Das bekommt dein Kind mit – es weiß genau, wie du zur Schule stehst. - Welches Gefühl verbindest du mit der Schule und der Schulzeit? Mit deiner eigenen und mit der deines Kindes?
- Hast du negative Erinnerungen an deine Schulzeit?
- Ärgerst du dich, weil die Lehrkraft deines Kindes vermeintlich oder tatsächlich von dir Lehrertätigkeiten verlangt?
- Bist du unsicher und überfordert, weil dein Kind mit der Schule und/oder der Lehrkraft nicht klarkommt?
- Gibt es noch mehr unangenehme und negative Gedanken und Gefühle dazu?

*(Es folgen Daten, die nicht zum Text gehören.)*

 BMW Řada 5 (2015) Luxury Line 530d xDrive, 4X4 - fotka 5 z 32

Dein Kind muss jeden Tag in die Schule gehen und erlebt gleichzeitig, dass du vielleicht ein Problem mit dem Thema Schule hast. Wie soll es damit umgehen? Wie soll es sich wohlfühlen und lernen, wenn es weiß, dass der über alles geliebte Elternteil Schule im Allgemeinen oder eine Situation oder Lehrer/in negativ sieht?
Du musst Schule nicht lieben lernen.
Doch du kannst Schule, wie sie ist, akzeptieren.

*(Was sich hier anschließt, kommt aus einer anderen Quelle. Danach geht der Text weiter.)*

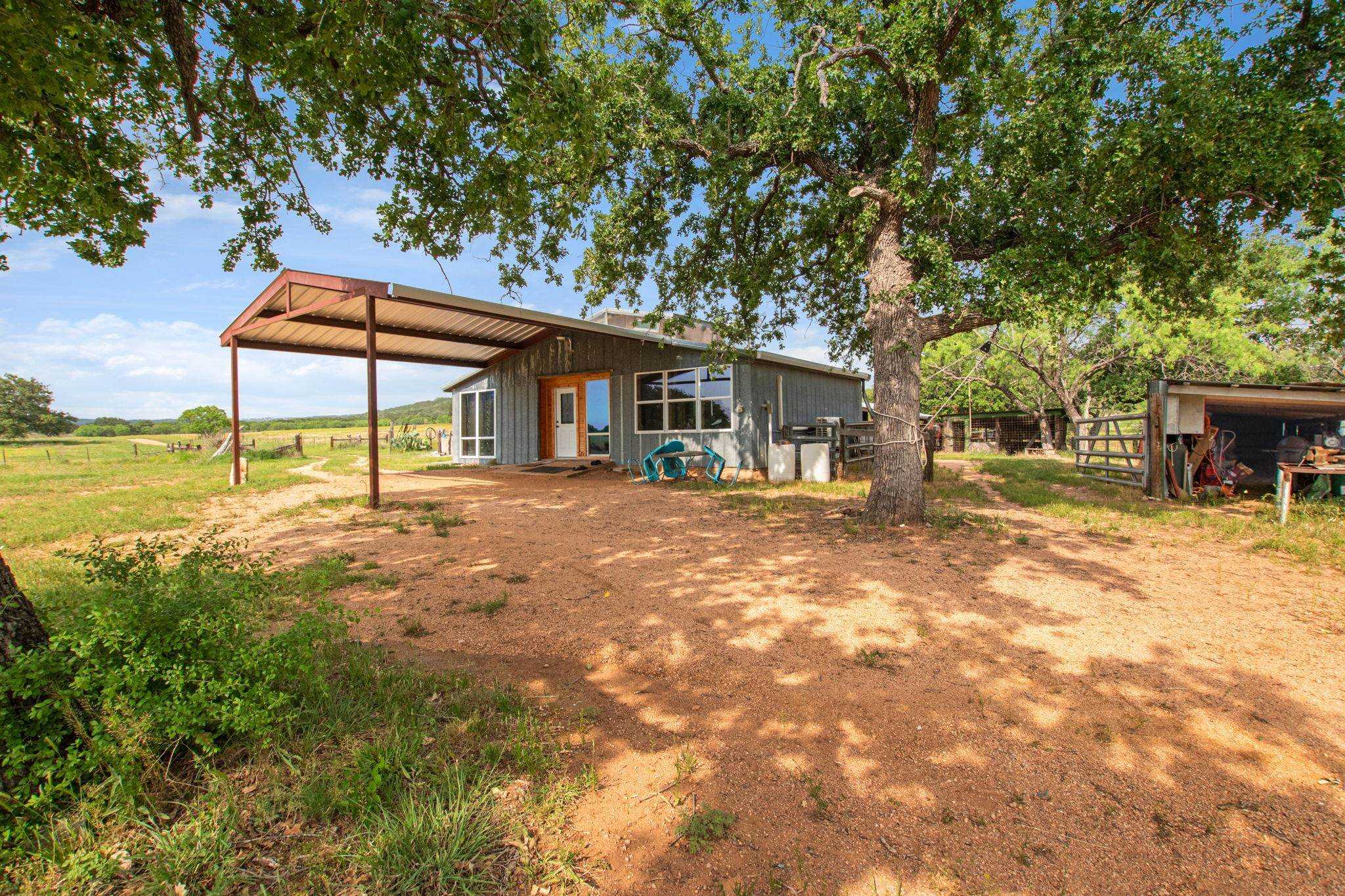 photo 3: 7520 County Road 216A, Llano TX 78607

Du kannst dich mit deinen negativen Gefühlen der Schule gegenüber beschäftigen und aussöhnen.
Du kannst der sichere Hafen für dein Kind sein, den es aufsucht und wieder Kraft schöpft für den anstrengenden Alltag in einer Institution, in die es gehen muss.

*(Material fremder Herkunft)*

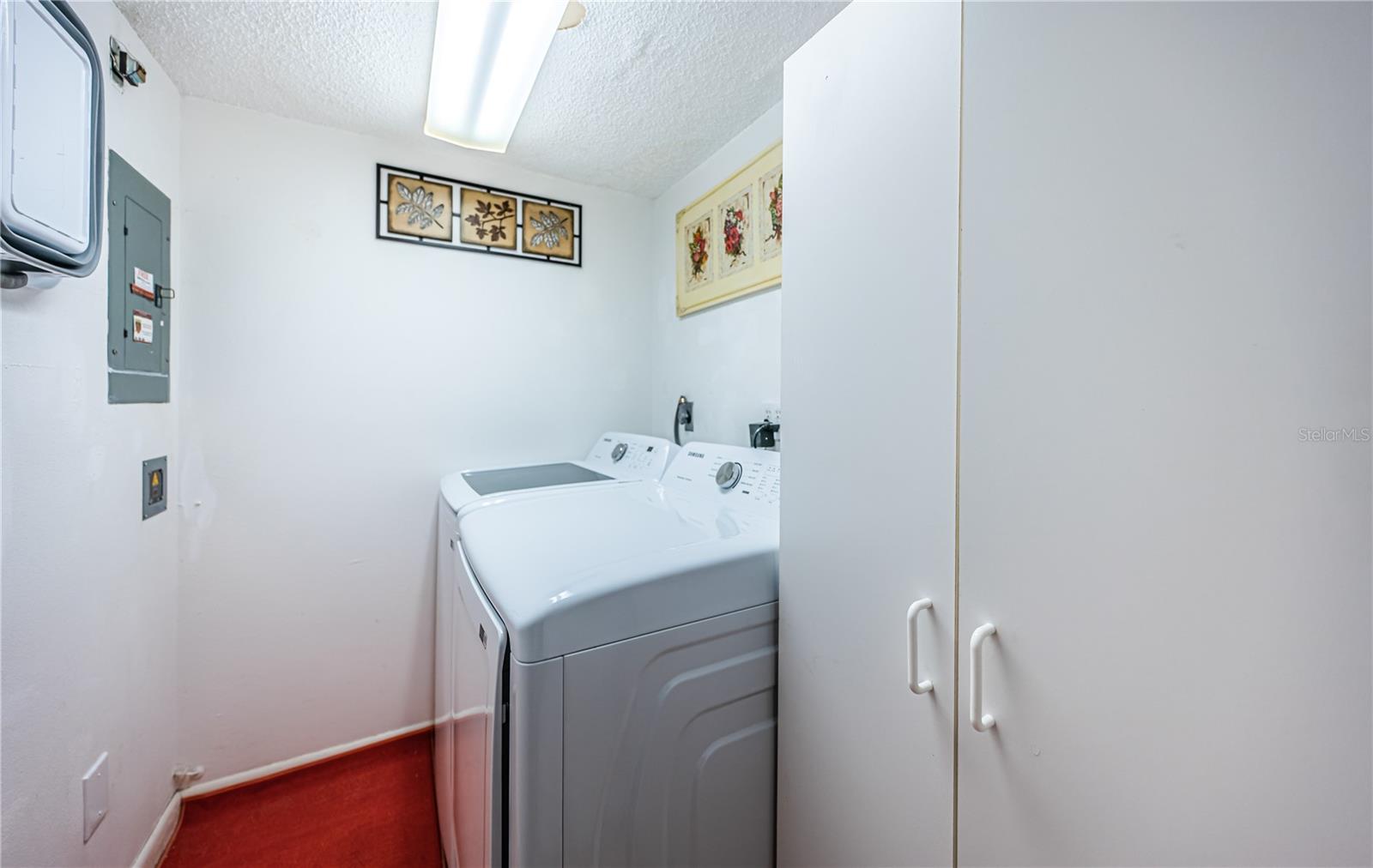 In Unit Laundry ROOM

Du hast überaus positive eigene Erinnerungen und Gefühle an die Schule und verstehst nicht, warum es für dein Kind so schwierig ist?
Dann kann es sich lohnen, mal über deine Ansprüche nachzudenken. Was erwartest du von deinem Kind?
Fazit:
Schule ist Realität und Normalität für dein Kind. Punkt.
Du änderst Schule nicht und du hilfst deinem Kind nicht, indem du über die Schule oder einzelne Lehrer/innen schimpfst.
Du änderst Schule nicht und du hilfst deinem Kind nicht, indem du mit deinem Kind kämpfst.
Du hilfst deinem Kind, indem du deine Rolle/Aufgabe für dich findest und danach lebst.
Du hilfst deinem Kind, indem du deine Gefühle klärst und eine klare, akzeptierende Haltung einnimmst.
Damit das wichtigste unangetastet bleibt: diese dein Herz ausfüllende, liebevolle und zugewandte Beziehung zu deinem Kind.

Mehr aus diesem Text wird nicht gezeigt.